The intensifying trade squabble between President Trump and China is making for uniquely bad May trading for U.S. stocks, which continue to tumble after the S&P 500 suffered its worst week of 2019.

The Dow Jones Industrial Average ended down by 618 points, or 2.38 percent, marking the biggest one-day loss for the blue-chip index since January.

At the closing bell, the S&P 500 had dipped 2.4 percent.

Both are on track for their worst start to the month through May 13 since 1970, according to Dow Jones Market Data.

The Nasdaq Composite Index COMP, -3.41% off 5.5%, was set for its sharpest early May drop since 2000.

All three benchmarks are looking at their worst monthly losses since December.
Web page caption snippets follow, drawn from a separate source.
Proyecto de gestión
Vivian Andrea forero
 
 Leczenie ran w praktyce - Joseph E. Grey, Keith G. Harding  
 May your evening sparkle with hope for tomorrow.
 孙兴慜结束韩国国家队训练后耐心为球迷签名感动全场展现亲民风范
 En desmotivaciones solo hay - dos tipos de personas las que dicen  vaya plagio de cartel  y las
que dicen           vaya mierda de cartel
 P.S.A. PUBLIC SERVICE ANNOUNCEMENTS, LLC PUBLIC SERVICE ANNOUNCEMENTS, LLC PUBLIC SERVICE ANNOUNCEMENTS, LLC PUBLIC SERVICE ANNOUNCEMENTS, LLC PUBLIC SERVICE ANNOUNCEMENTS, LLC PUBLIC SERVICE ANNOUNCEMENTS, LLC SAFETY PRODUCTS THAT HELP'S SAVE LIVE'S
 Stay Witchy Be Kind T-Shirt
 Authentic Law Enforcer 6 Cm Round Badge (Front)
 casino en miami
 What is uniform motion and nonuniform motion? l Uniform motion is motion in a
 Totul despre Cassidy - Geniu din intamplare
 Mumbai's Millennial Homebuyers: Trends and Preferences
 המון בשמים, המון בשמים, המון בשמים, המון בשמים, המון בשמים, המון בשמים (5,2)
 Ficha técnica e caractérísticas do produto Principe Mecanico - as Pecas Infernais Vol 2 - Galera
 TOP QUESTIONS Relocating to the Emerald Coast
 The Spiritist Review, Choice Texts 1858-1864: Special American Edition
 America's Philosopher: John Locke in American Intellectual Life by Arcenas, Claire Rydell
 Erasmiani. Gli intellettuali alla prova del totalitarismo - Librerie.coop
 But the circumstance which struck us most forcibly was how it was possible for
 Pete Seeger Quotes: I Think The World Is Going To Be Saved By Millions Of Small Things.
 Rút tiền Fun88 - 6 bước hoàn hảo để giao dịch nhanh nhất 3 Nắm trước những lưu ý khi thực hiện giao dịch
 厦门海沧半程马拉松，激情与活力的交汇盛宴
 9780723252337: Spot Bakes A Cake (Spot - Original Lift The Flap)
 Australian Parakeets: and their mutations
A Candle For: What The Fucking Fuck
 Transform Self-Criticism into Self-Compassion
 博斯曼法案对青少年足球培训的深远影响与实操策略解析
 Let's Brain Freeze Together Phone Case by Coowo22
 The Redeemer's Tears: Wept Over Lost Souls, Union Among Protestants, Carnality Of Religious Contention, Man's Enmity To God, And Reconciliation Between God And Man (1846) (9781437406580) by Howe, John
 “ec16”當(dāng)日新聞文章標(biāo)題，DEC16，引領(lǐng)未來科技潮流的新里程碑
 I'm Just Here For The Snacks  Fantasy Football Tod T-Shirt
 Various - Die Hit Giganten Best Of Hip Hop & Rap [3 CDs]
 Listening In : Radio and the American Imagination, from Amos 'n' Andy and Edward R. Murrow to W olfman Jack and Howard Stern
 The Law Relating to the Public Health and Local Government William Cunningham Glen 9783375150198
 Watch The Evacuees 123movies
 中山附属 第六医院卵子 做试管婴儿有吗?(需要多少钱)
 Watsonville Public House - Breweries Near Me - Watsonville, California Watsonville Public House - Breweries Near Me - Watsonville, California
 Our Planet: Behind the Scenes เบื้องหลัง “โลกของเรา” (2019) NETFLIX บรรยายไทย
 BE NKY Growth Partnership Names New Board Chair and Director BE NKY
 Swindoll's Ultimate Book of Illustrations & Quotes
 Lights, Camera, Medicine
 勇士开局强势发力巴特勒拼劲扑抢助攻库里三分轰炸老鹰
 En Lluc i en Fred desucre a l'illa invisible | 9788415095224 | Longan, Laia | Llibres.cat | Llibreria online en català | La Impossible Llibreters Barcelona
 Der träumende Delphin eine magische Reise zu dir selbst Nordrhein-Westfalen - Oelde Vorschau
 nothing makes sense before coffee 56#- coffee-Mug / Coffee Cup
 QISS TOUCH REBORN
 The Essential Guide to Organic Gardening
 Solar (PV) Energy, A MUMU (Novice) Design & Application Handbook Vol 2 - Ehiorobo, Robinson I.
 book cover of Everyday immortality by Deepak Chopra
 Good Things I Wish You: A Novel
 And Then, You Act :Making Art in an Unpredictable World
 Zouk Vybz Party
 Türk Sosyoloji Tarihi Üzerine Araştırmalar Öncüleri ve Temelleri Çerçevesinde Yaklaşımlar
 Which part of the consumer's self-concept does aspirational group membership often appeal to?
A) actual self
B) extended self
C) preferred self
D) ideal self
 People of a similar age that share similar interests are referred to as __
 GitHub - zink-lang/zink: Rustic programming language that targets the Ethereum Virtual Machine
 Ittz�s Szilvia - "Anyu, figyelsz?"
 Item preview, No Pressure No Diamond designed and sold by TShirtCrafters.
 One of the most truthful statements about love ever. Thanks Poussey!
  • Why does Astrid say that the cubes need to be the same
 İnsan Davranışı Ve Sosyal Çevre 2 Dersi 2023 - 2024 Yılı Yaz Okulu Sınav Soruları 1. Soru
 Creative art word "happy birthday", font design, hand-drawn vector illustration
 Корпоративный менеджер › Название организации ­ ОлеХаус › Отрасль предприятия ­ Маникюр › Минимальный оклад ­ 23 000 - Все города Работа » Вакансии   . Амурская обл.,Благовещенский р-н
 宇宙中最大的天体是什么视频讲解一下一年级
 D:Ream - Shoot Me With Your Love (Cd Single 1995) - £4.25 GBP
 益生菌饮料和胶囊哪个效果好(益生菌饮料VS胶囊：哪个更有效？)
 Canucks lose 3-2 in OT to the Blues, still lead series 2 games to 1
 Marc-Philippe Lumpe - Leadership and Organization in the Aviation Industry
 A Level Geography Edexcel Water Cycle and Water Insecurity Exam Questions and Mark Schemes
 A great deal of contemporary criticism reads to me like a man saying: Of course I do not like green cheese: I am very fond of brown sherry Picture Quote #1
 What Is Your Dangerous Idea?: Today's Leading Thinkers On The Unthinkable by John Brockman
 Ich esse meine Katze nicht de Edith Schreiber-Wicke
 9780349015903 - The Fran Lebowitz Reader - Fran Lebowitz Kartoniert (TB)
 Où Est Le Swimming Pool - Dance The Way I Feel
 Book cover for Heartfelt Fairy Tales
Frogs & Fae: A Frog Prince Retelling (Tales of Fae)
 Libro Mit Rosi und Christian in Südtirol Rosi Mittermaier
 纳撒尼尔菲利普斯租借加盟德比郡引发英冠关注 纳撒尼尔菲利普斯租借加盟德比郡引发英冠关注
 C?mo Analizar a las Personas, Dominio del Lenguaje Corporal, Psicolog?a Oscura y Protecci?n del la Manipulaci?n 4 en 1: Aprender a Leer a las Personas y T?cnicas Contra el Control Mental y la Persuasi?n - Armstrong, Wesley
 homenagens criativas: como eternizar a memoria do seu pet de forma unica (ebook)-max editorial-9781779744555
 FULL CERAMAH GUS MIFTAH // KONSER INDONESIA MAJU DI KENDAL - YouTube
The dramatic trading session saw companies with the greatest exposure to China — such as Dow stalwarts Boeing and Caterpillar — take the largest hits.

The tech sector also took a beating, with Apple, United Technologies and Cisco all down around 5 percent.

The escalation in trade tensions between the U.S. and China wiped more than $1 trillion from global markets in just one day.

Stock exchanges across the world have witnessed intense volatility over the past few weeks, with all three major indices in the U.S. seeing an extended sell-off as investors parsed the likelihood of a resolution to months of trade negotiations between the world’s two largest economies.

Talks in Washington ended Friday without an agreement after the U.S. raised tariffs on $200 billion of Chinese imports to 25% from 10%.

While Trump has repeatedly asserted that China pays the tariffs, White House economic adviser Larry Kudlow acknowledged this weekend that U.S. consumers end up paying for the administration’s tariffs on Chinese goods, telling “Fox News Sunday” in an interview that “Both sides will suffer on this.”

Trump said today he was not worried about additional retaliation from China for the tariffs the U.S. had imposed on a total of $250 billion in Chinese imports, saying “It’s working out very well.”

He also said he was hopeful for a “very fruitful” meeting with China’s President Xi Jinping at the G-20 meeting in Osaka in June.

The retaliation from the Chinese finance ministry comes after Trump followed through on his threat to raise tariffs on $200 billion of Chinese imports last week.

As of 12:01 a.m. last Friday, around 5,700 categories of Chinese-made goods bound for the U.S. were subject to a 25 percent tariff, up from 10 percent.

The decline in trade relations has left businesses, investors and policymakers across the world concerned about the negative impacts on an already slowing global economy.